Given records START
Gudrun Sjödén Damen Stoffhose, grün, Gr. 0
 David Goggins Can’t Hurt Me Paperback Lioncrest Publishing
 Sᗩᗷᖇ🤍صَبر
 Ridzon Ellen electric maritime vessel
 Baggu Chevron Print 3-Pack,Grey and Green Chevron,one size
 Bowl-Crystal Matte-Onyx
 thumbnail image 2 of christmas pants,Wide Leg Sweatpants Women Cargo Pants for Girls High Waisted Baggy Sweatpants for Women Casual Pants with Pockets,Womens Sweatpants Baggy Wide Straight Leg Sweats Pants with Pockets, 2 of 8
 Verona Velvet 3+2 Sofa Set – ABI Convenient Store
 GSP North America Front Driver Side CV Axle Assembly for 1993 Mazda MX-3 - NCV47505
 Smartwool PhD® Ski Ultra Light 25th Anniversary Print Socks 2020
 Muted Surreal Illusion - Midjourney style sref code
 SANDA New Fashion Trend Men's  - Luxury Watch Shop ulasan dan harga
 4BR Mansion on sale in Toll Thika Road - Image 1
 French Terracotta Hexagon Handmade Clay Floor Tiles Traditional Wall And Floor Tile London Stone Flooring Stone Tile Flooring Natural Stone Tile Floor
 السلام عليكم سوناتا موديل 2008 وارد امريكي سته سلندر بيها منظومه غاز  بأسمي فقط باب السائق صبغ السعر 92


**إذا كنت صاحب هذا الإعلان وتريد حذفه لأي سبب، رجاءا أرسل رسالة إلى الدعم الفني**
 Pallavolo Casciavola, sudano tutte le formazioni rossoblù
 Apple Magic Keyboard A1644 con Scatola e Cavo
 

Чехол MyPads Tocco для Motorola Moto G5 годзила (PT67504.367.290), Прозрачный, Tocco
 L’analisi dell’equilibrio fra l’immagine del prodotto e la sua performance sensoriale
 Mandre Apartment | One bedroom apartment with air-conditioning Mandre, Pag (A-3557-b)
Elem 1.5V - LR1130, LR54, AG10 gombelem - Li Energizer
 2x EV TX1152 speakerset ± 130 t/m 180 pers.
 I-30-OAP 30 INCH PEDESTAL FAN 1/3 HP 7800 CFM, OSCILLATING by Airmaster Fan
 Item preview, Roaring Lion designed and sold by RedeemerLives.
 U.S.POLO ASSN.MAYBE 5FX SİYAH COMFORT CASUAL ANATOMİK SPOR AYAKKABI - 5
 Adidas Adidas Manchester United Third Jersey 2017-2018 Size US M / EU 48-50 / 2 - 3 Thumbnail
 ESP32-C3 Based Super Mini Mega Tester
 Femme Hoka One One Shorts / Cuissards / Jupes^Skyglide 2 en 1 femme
Given records END
• Work instructions:
Please copy each line of the records above in which the word "with" can be found.

• Response to the exercise:
 thumbnail image 2 of christmas pants,Wide Leg Sweatpants Women Cargo Pants for Girls High Waisted Baggy Sweatpants for Women Casual Pants with Pockets,Womens Sweatpants Baggy Wide Straight Leg Sweats Pants with Pockets, 2 of 8
 Mandre Apartment | One bedroom apartment with air-conditioning Mandre, Pag (A-3557-b)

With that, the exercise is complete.